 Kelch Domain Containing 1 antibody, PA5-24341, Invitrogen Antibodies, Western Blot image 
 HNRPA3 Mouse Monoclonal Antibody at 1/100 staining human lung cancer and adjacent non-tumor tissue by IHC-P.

--

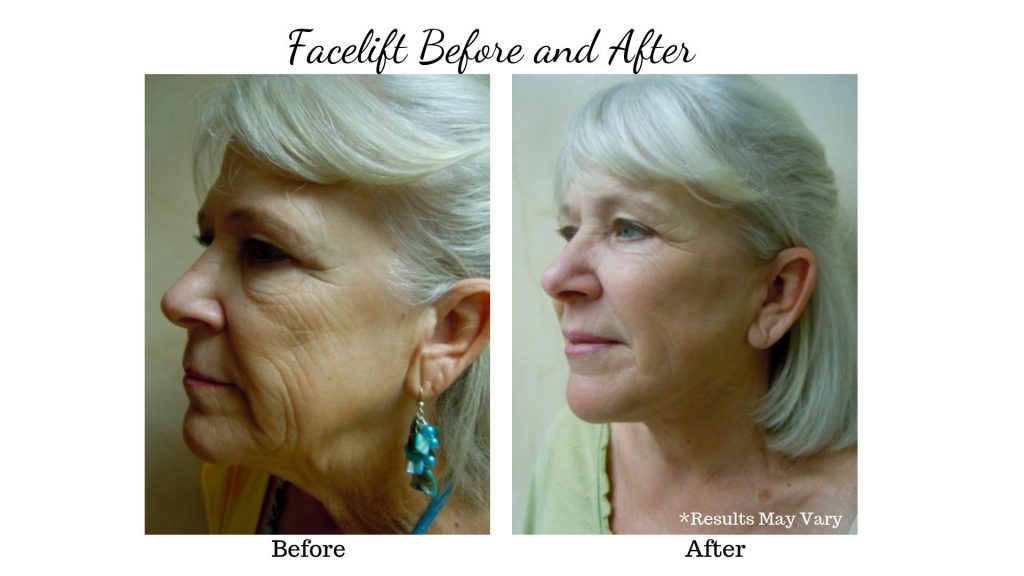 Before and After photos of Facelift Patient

...

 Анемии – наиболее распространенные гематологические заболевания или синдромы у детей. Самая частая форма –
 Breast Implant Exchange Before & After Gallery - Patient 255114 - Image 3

# WORK TASK:
Only one part of the material above is to be transcribed, namely the lines starting with the line that has "Kelch Domain Containing" and going on through the line that has "HNRPA3 Mouse Monoclonal", exactly as they stand.

# COMPLETED TASK:
 Kelch Domain Containing 1 antibody, PA5-24341, Invitrogen Antibodies, Western Blot image 
 HNRPA3 Mouse Monoclonal Antibody at 1/100 staining human lung cancer and adjacent non-tumor tissue by IHC-P.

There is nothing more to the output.